David Marlin’s donation documents one of baseball’s most memorable home runs

Part of the BASEBALL HISTORY series
Written by: Bill Francis

Earlier this year, David Marlin visited Cooperstown and was reunited with an old friend.

The longtime Massachusetts-based cameraman, whose acclaim came during a nearly three-decade stint covering the major New England events for CBS News, generously donated one of his beloved cameras to the National Baseball Hall of Fame and Museum in 2015.

But this camera was special, as it not only was used to preserve numerous history-making moments, both athletic and not, but it also captured the famed Ted Williams homer swatted in his final big league plate appearance.

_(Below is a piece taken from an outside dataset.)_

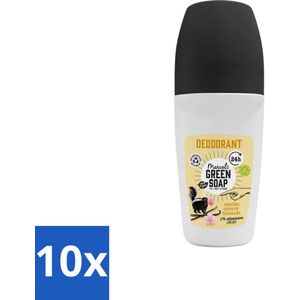 Marcel's Green Soap - Deodorant Roller - Vanilla & Cherryblossom - Langdurige frisheid - 50 ml - Bulkverpakking - 10 stuks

On Sept. 28, 1960, 42-year-old “Teddy Ballgame” came to the plate with one out and the bases empty in the bottom of the eighth inning. With the 10,454 Fenway Park fans giving their hero a standing ovation, the lefty-swinging outfielder swatted a 1-1 pitch off Baltimore righty Jack Fisher 420-feet over the center field wall.

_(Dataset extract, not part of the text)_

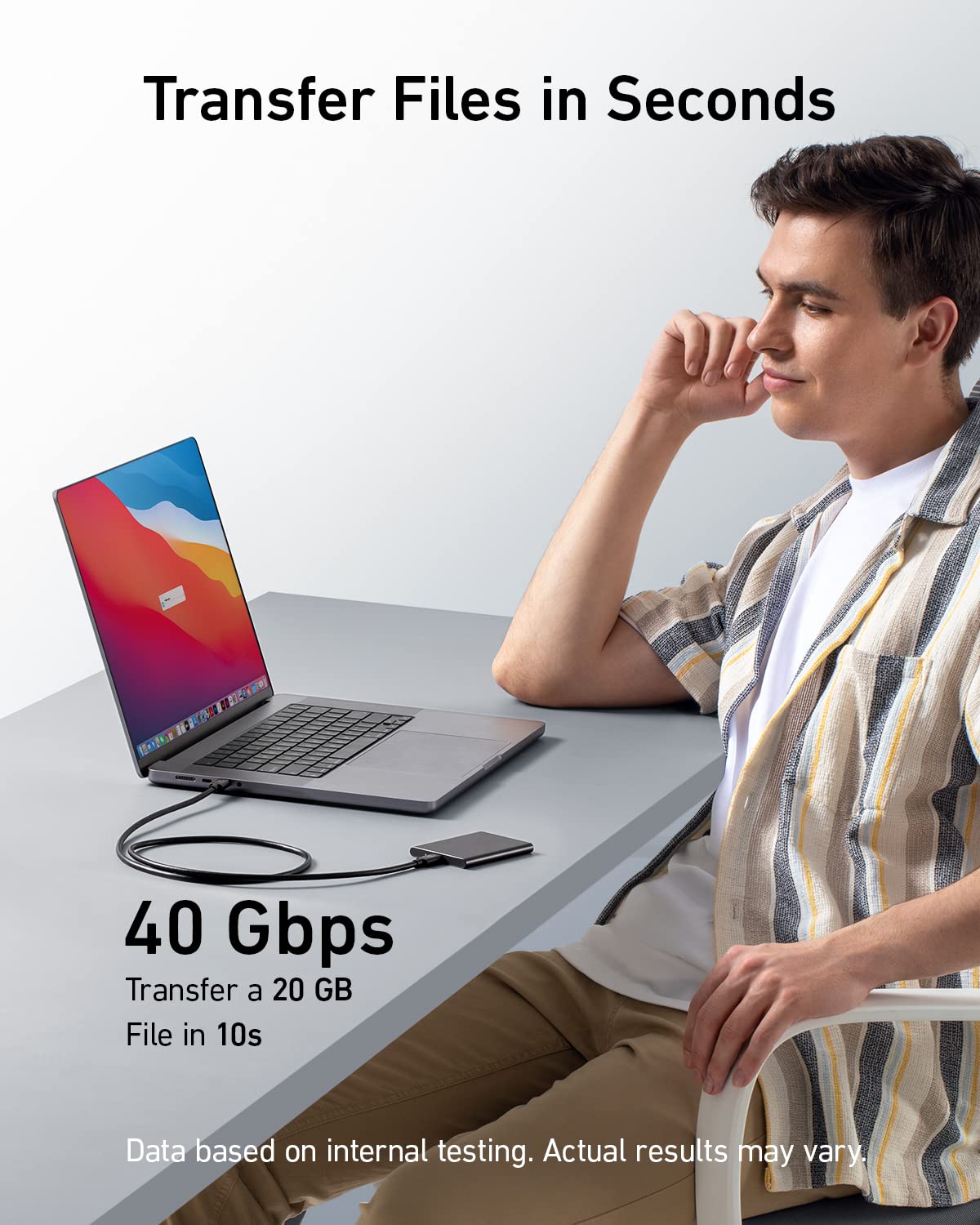 Anker Prime Docking Station (DL7400)  and USB-C to USB-C Cable (Thunderbolt 4 Compatible)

“Baseball has been the most wonderful thing that ever happened to me,” said Williams that day, “and if I could do it all over again I would want to play for the best owner in the business, Tom Yawkey, and the greatest fans in America.”

Boston would go on to win the 1960 home finale, 5-4, a rare triumphant moment during a challenging 65-89 season. But it was the unforgettable 29th homer of the season and 521st of his career for Williams that was the story. The Splendid Splinter, who had earlier in the season announced the ’60 campaign would be his last, said after the game that he would skip his team’s final three contests of the year to be played in New York.

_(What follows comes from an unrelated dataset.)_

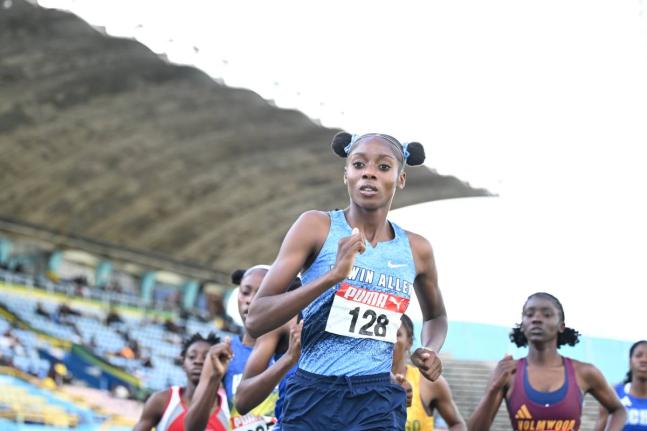 Kevongaye Fowler of Edwin Allen High.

Williams’ final homer would later be immortalized in literature when John Updike penned “Hub Fans Bid Kid Adieu,” a piece that ran in The New Yorker on Oct. 22, 1960. The author’s story, in part, captures the memorable moment:

“Like a feather caught in a vortex, Williams ran around the square of bases at the center of our beseeching screaming. He ran as he always ran out home runs – hurriedly, unsmiling, head down, as if our praise were a storm of rain to get out of. He didn’t tip his cap. Though we thumped, wept, and chanted ‘We want Ted’ for minutes after he hid in the dugout, he did not come back. Our noise for some seconds passed beyond excitement into a kind of immense open anguish, a wailing, a cry to be saved. But immortality is nontransferable. The papers said that the other players, and even the umpires on the field, begged him to come out and acknowledge us in some way, but he never had and did not now. Gods do not answer letters.”

When Marlin and his wife, Elaine, traveled from their Sudbury, Mass., home and visited the Hall of Fame for the first time this past May, he made sure a reunion with the camera was part of the Cooperstown trip.

“I kept the camera all those years. This is almost 60 years later,” Marlin said. “It was 2015 and I said, ‘What am I going to do with this?’ I wrote a letter to Sue Mackay (Hall of Fame director of collections) saying that I know you’re not a photographic history museum, but this is the camera that filmed Ted Williams’ last home run and would you have any interest in the camera. She told me they’d like to have it. I packed it up and sent it off. I could have sold it, but nobody’s shooting film anymore.

“I covered a lot of big stories – the Andrea Doria sinking off Nantucket, Edmund Muskie crying during the 1972 presidential primaries, and Ted Williams’ last home run. People always ask more about Williams than anything.”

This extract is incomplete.